ST. PAUL, Minn. (AP) — After backing off a proposed gas tax increase in the face of opposition from Gov. Mark Dayton, state Senate Democrats on Wednesday proposed an alternative in the form of a new sales tax on fuel sales at the wholesale level as a way to raise money for road and bridge projects.
The revised proposal from Sen. Scott Dibble would actually cut the state’s 28.5-cents-a-gallon gas tax by 6 cents a gallon. But it would replace it with a 5.5-percent tax that oil companies would pay at the wholesale level. Dibble said that would net the state an additional $200 million a year for roads and bridges.
Dibble acknowledged that drivers might still end up feeling some of that increase at the pump, but said it’s a way to shift some of the direct burden of the increase away from consumers.
“It may or may not be passed through. That’s entirely the choice of distributors,” said Dibble, DFL-Minneapolis, chairman of the Senate Transportation Committee. “Gas prices are so volatile and so responsive to other things, so who knows?”
Dayton has said he sees a need to boost state transportation funding, but thinks there’s not enough public support to raise the gas tax. Dibble said he made the change in hopes of addressing Dayton’s concerns.
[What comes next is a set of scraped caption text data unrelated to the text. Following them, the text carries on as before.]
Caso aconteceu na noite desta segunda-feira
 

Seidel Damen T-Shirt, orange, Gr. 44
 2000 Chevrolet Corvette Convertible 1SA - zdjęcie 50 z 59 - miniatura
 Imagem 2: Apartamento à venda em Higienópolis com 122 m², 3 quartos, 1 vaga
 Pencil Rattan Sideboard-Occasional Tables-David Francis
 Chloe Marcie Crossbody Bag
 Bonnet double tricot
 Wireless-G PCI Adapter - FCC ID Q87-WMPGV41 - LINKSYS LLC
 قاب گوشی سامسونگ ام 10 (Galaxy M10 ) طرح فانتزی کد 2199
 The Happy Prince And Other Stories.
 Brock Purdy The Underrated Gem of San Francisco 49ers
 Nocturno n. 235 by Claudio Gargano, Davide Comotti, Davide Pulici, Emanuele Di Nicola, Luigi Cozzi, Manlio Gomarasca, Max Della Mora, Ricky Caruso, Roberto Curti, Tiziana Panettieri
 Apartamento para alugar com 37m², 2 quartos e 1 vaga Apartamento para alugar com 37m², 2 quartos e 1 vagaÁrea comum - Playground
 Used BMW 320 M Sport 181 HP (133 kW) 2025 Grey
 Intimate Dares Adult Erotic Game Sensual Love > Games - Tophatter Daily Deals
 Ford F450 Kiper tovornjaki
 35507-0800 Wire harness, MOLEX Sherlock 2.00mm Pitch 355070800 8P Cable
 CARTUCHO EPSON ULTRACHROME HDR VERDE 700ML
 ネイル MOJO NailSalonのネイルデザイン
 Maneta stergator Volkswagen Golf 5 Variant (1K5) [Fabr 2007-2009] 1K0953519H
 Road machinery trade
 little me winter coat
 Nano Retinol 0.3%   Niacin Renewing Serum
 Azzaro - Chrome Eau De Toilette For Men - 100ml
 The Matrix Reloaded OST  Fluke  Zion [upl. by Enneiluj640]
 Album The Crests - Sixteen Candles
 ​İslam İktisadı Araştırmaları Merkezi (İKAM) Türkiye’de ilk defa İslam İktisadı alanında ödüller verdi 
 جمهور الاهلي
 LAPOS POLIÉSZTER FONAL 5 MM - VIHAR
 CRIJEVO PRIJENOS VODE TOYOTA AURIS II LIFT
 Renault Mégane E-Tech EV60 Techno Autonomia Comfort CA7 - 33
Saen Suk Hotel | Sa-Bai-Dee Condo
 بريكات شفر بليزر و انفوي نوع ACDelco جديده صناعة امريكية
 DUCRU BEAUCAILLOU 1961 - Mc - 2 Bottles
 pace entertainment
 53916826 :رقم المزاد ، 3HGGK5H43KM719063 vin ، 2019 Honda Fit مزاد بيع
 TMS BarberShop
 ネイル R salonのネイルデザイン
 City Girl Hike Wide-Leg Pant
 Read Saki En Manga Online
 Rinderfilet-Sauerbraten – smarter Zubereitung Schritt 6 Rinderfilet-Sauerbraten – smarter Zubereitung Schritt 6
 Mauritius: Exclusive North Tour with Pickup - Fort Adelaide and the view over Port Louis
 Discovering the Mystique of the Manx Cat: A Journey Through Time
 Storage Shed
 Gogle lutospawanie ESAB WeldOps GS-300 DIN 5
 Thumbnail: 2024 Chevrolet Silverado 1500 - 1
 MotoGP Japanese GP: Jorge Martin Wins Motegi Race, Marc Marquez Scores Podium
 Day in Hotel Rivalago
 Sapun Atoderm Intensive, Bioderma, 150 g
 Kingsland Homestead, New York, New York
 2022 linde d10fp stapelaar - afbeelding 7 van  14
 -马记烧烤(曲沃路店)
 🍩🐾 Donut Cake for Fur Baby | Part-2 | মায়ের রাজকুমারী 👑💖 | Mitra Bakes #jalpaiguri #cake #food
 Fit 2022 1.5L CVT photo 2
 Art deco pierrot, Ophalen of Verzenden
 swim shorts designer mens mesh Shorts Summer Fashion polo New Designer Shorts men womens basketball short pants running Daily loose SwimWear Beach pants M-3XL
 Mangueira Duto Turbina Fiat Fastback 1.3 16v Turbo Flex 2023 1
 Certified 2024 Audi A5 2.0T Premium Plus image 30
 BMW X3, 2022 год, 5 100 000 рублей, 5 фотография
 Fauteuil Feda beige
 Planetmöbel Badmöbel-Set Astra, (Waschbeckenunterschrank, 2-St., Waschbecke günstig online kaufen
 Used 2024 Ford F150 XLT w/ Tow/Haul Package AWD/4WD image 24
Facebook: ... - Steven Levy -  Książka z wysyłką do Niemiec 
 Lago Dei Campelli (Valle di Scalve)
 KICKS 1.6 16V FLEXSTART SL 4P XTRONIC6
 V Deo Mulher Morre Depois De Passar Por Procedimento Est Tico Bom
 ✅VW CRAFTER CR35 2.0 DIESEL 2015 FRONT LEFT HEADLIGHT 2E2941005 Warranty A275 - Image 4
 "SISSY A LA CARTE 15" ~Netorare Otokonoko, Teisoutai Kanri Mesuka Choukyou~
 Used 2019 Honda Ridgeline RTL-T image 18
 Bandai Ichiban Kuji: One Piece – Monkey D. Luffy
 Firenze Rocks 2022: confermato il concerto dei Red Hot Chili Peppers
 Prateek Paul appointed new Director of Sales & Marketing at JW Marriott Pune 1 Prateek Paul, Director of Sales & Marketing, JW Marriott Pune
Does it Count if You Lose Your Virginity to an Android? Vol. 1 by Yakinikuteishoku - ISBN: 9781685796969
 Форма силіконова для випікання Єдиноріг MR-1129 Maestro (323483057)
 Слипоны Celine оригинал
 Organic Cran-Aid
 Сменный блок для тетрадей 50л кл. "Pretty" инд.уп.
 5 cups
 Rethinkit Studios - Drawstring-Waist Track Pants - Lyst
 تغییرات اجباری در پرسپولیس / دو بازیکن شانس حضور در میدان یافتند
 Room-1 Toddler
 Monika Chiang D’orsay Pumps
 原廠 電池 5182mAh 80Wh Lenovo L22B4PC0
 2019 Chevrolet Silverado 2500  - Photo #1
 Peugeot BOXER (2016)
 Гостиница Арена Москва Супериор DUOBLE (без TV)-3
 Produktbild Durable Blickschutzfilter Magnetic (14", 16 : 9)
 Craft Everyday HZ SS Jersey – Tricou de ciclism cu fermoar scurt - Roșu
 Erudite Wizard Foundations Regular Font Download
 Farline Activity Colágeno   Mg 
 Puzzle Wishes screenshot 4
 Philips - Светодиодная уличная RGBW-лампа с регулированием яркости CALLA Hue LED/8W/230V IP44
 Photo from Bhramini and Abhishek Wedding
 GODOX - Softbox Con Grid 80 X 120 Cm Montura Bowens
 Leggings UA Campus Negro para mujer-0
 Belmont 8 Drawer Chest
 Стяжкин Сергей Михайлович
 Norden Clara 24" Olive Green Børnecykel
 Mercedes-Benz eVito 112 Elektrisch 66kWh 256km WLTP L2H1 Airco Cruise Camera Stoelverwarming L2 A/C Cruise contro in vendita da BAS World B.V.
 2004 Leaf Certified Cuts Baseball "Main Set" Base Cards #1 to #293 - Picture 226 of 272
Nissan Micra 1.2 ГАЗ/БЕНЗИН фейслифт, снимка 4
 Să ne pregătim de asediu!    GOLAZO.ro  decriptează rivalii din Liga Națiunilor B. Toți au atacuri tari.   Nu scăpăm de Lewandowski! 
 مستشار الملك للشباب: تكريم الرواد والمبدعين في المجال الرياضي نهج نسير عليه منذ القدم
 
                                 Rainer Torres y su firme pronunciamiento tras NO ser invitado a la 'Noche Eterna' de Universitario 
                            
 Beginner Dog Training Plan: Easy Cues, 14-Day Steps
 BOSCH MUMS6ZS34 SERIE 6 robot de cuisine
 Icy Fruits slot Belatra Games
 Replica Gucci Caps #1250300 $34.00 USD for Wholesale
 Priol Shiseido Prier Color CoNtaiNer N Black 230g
He said 16 states levy some kind of wholesale fuel tax.
After he initially yanked the gas tax increase last week, Dibble said it would mean a “status quo” transportation budget without big infusions of new money to hasten construction and renovation of roads, bridges and transit projects. The new proposal, he said, is a move to go past the status quo.
“This is a comprehensive, significant advance, an investment in our economy and our transportation system that will mean jobs,” Dibble said. “We’re still not sure exactly where the governor is but we’re trying to move the legislative conversation toward him.”
Dayton’s spokeswoman said he hadn’t yet had time to examine the new proposal and would not have an immediate comment on it.
Dibble’s bill restores another provision he had initially ditched: a half-cent sales tax increase in the seven counties that make up the Twin Cities metropolitan area. Money raised from that would pay for new transit options.
In the House, transportation budget chief Rep. Frank Hornstein also jettisoned the gas tax increase and the metro sales tax from his bill in response to Dayton’s opposition. Hornstein said Wednesday that the House was likely to vote on his scaled-back bill, but that Dibble’s more ambitious plans would likely be on the table in a transportation conference committee later in the session.
“There’s still a lot of room for movement in the budget for transportation,” said Hornstein, DFL-Minneapolis. Earlier Wednesday, Hornstein spoke at a Capitol rally organized by groups that want a bigger spending hike for transportation projects. He led the crowd in a chant: “If not now, when?”
Calls for transportation spending increases often defy the Capitol’s partisan divide in a way that other state spending proposals do not. Business groups have been among those arguing that transportation upgrades would be a needed boost for the state’s economy, and Wednesday’s rally featured several Republican senators standing alongside Democrats in their calls for transportation spending increases.